*Dataset entries*.
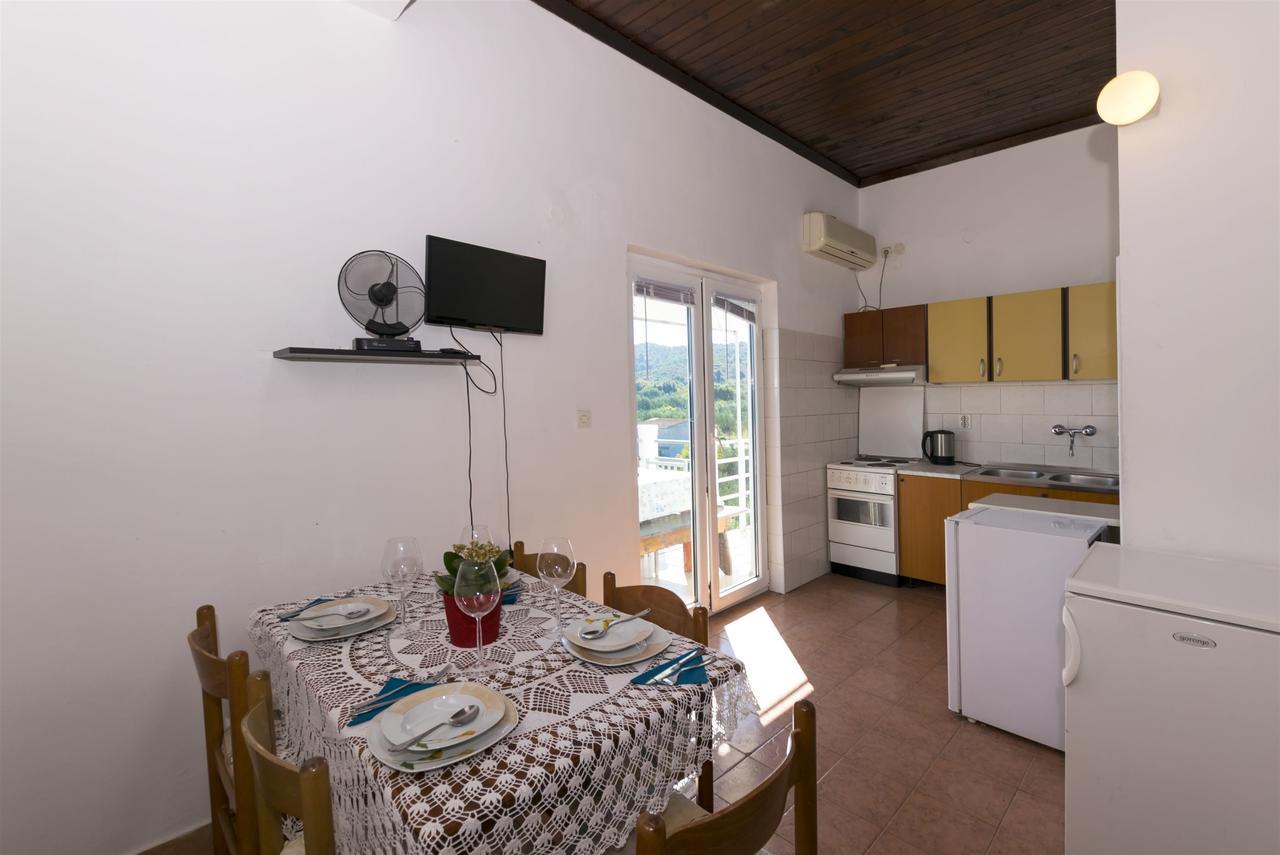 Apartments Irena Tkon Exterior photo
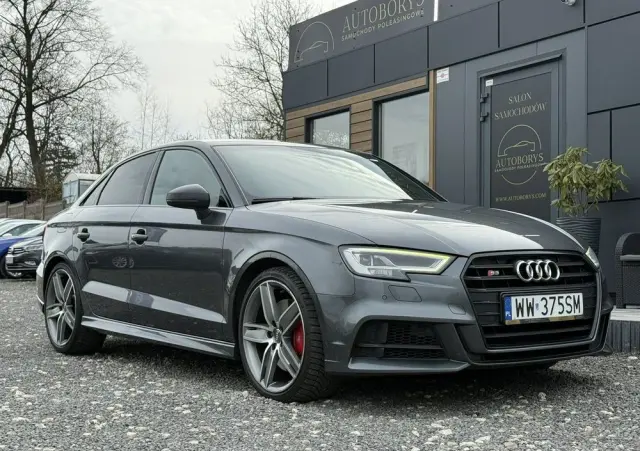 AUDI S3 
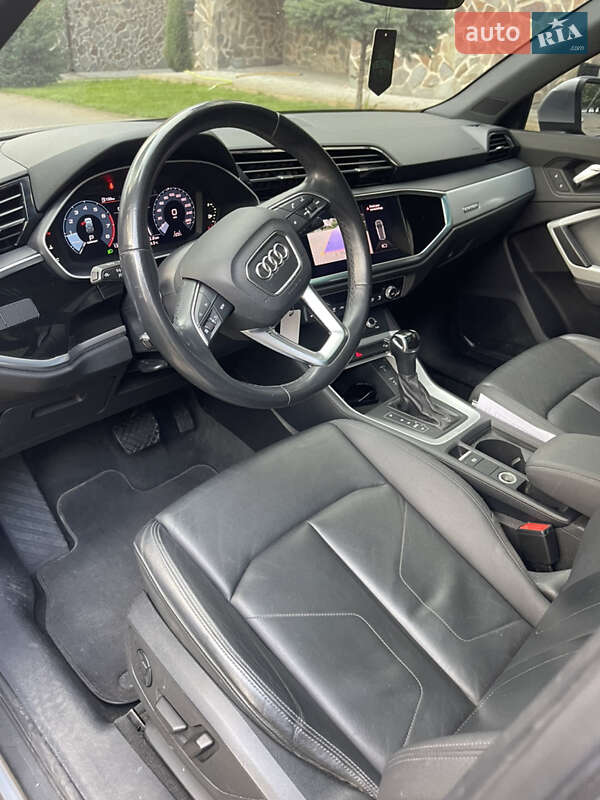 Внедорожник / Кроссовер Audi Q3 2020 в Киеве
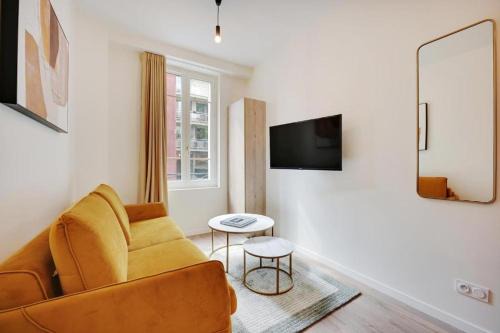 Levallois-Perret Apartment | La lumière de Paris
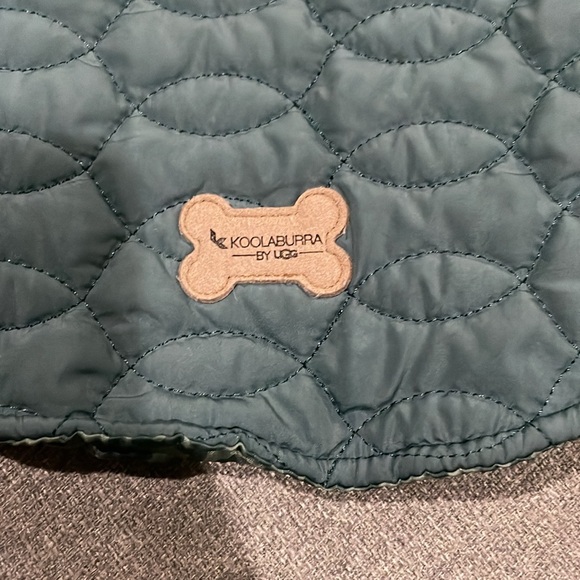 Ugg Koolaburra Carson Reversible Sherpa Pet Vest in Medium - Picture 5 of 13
---
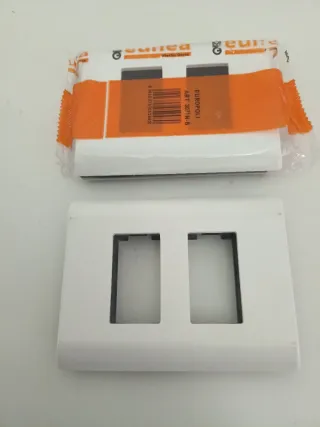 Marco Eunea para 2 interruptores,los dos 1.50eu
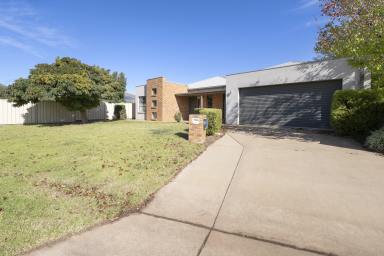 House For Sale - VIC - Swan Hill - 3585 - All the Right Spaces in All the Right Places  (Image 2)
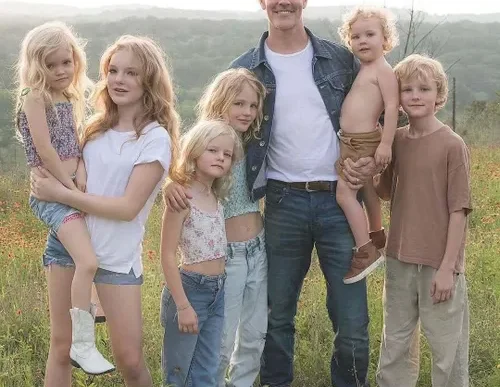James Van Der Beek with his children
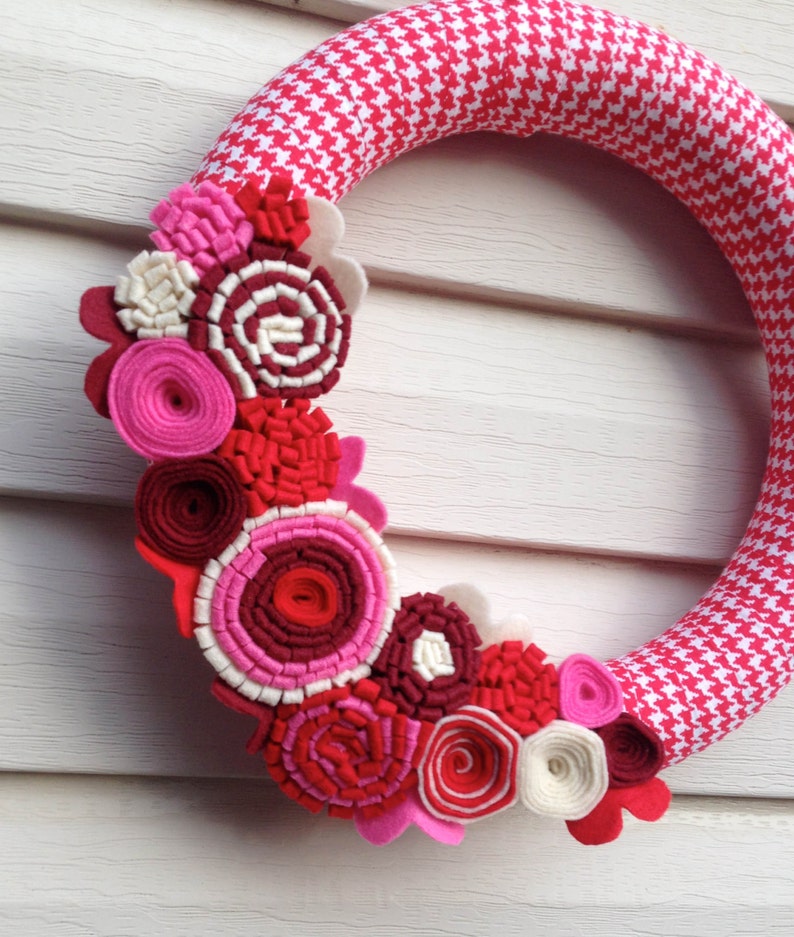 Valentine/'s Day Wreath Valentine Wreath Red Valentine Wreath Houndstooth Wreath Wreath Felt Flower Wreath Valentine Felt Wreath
...
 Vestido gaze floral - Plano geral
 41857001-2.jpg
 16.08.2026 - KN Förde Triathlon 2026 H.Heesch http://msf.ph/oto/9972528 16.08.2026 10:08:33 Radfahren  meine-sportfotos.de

*Activity*.
Start with the line with "Marco Eunea para" in the listing above and stop after the line with "Valentine/'s Day Wreath". Write out exactly the lines in that stretch and no others, without pictures.

*Expected answer*.
 Marco Eunea para 2 interruptores,los dos 1.50eu
 House For Sale - VIC - Swan Hill - 3585 - All the Right Spaces in All the Right Places  (Image 2)
James Van Der Beek with his children
 Valentine/'s Day Wreath Valentine Wreath Red Valentine Wreath Houndstooth Wreath Wreath Felt Flower Wreath Valentine Felt Wreath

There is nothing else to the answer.